Another issue regarding the talent pipeline is that the recruitment process is far too slow. For example, those that sit for necessary exams are not recruited for about two years. During that two-year wait, many of the best candidates find jobs in the private sector or move overseas. 

This has been a continuous issue. Then, it takes another one or two years to even attempt to fill the remaining slots. This leads to existing staff members overseeing multiple projects at a time. It is nearly impossible for one person to handle all these responsibilities effectively.

Project delays are constant because there are simply not enough people to do the work. Sri Lanka must also establish the right leadership structure in the ICT sector, with the authority to sign off on technical matters.

The lack of geographic flexibility is a major factor. Since almost all ICT executive positions are in Colombo, staff are forced to stay in the city for their entire careers. There are almost no executive positions in their hometowns or outside the capital. This means that talented people who want to return to their families eventually resign. 

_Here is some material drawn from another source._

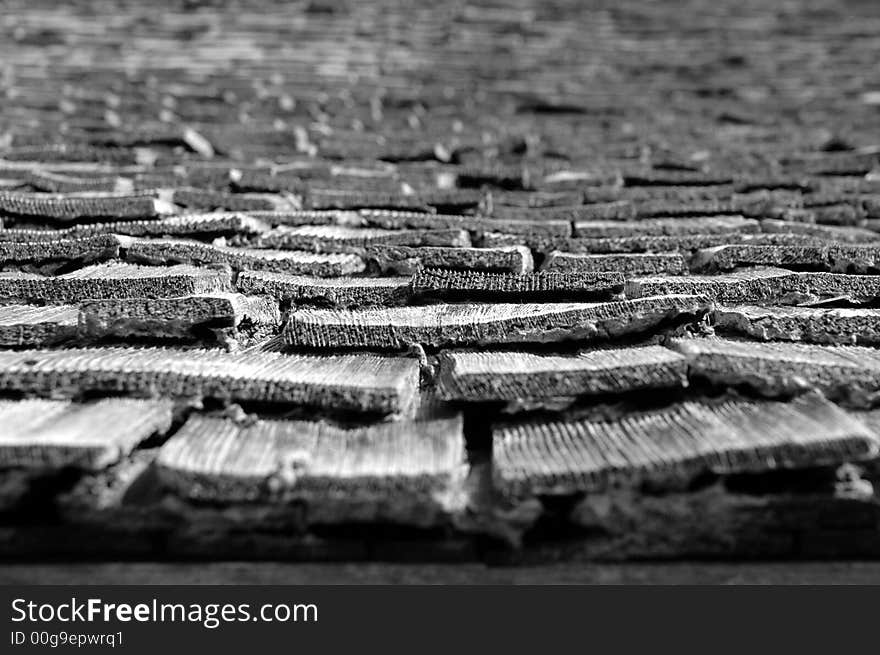 Close up of old, worn shingles lin black and white to complete the mood. Close up of old, worn shingles lin black and white to complete the mood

We are facing an unprecedented crisis where our professionals feel trapped in Colombo without any prospect of transfer or career progression. This happens because the ICT service is positioned in a combined service category instead of an all-island category from the beginning of service establishment, which obstructs the expansion of Government digitalisation and demotivates employees.

The uneven promotional scheme is also a major source of dissatisfaction. If a person from the ICT service and another from the Grade SL-1 all-island service get recruited on the same day, the ICT service executive has to work 17 years to achieve a directorial post where only a handful of cadre positions are available. However, the other officer could reach the same position in 12 years, whereas if he is from the Sri Lanka Administrative Service, it would take even less time, such as around 6–7 years. This issue has also affected departmental executive services and has been recognised as unjust by the Human Rights Commission as well. 

In order to address these pressing concerns, the GICTPA, which represents permanent IT service executives, has requested a solution from the beginning, yet it seems to be dragging from one government to another. Despite these issues being brought to the attention of the relevant authorities, solutions are yet to be seen. 

Although we highly appreciate the incumbent Government’s digitalisation efforts, until we include technical and ICT experts in the decision-making process and provide a better working structure, we will continue to lose our best people to the private sector and abroad while slowing down the national digitalisation process.